= What needs to be done =
For each entry, repeat the text exactly and omit any picture it holds.

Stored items
▼

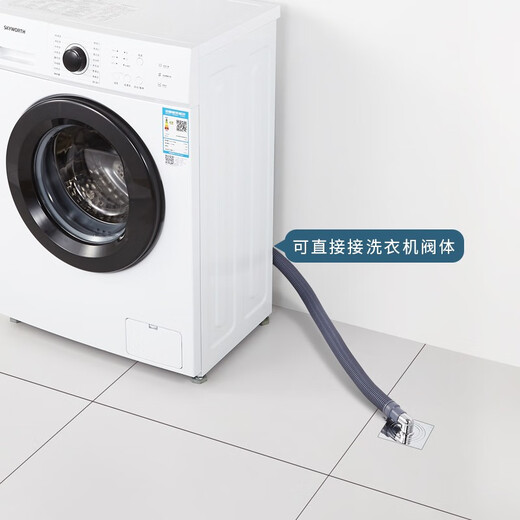Submarine washing machine drain pipe extension extension pipe ABS sewer pipe with clamp and adapter SQ-19 1 meter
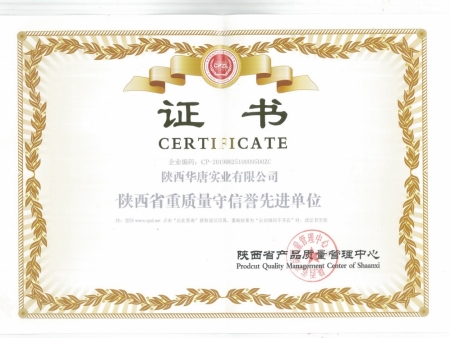 陕西省重质量守信誉先进单位证书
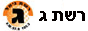 Логотип онлайн радіо Reshet Gimel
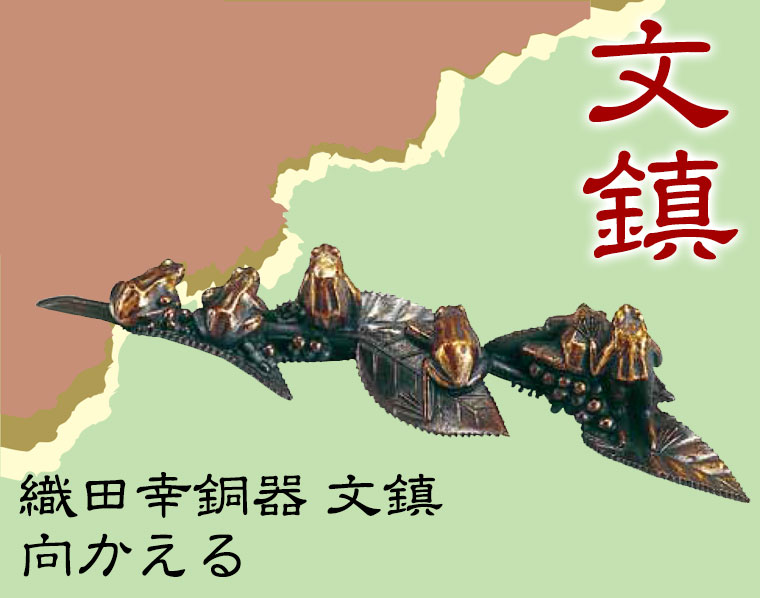 織田幸銅器 文鎮 向かえる 97-02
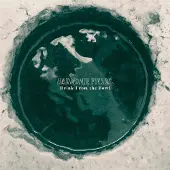 Konkurrent Harmonie Fields - Drink From The Bowl (CD)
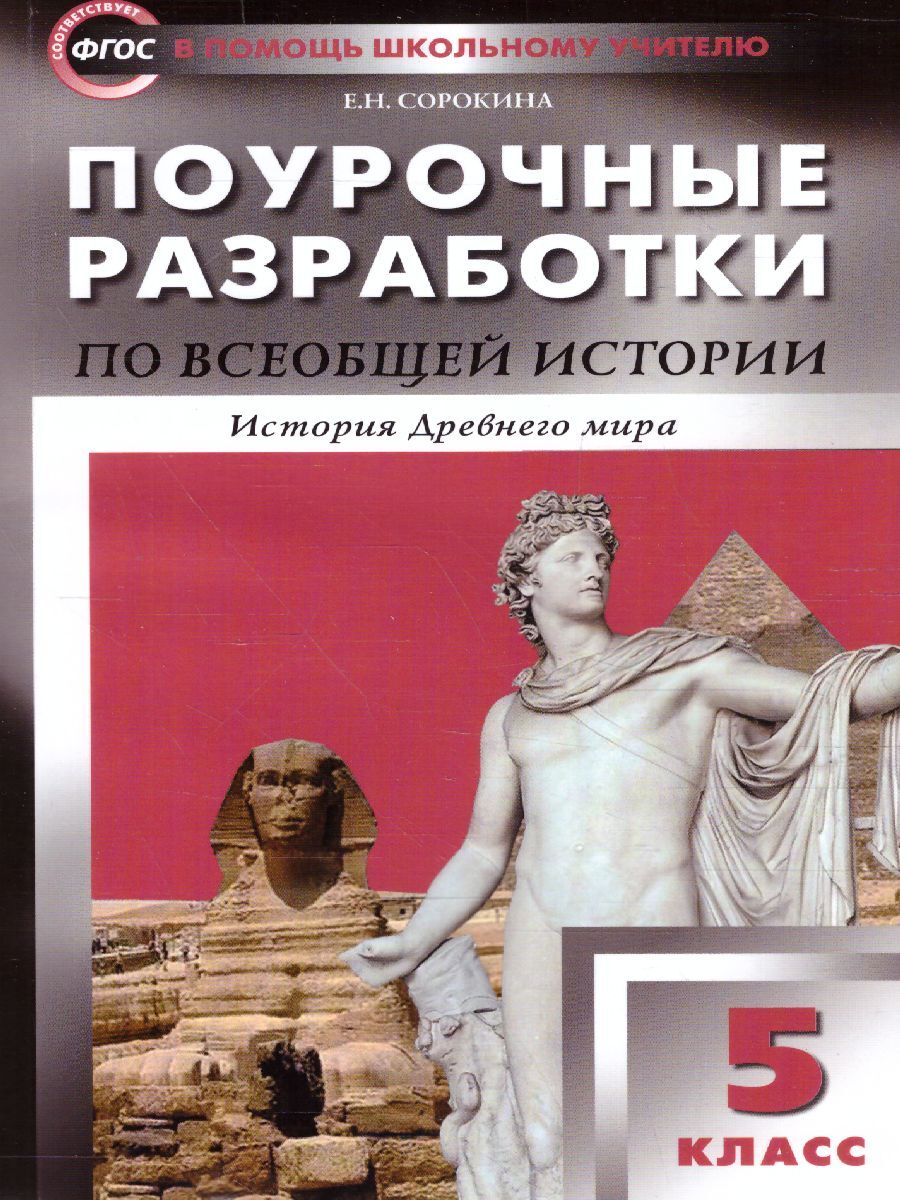 Дополнительное Пособие по Истории 5 Класс купить на OZON по низкой цене в  Беларуси, Минске, Гомеле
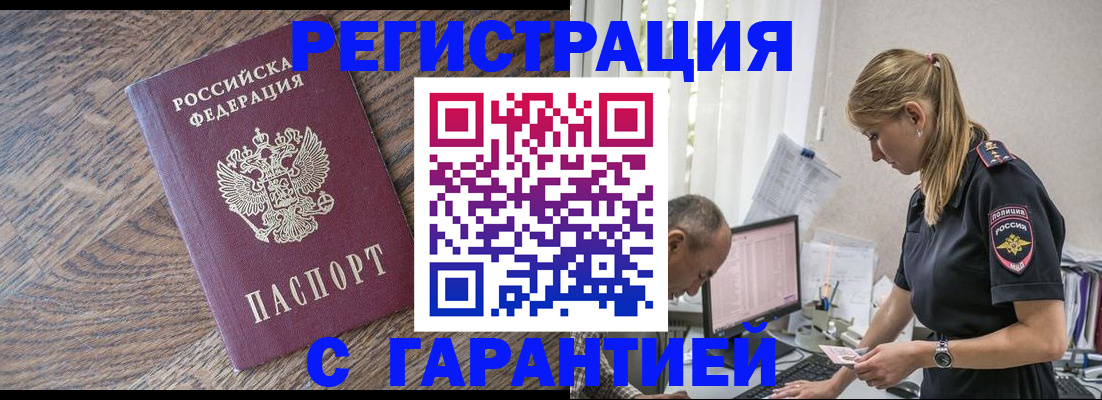 прописка для работы в Карелии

▲

= Worked solution =
Submarine washing machine drain pipe extension extension pipe ABS sewer pipe with clamp and adapter SQ-19 1 meter
 陕西省重质量守信誉先进单位证书
 Логотип онлайн радіо Reshet Gimel
 織田幸銅器 文鎮 向かえる 97-02
 Konkurrent Harmonie Fields - Drink From The Bowl (CD)
 Дополнительное Пособие по Истории 5 Класс купить на OZON по низкой цене в  Беларуси, Минске, Гомеле
 прописка для работы в Карелии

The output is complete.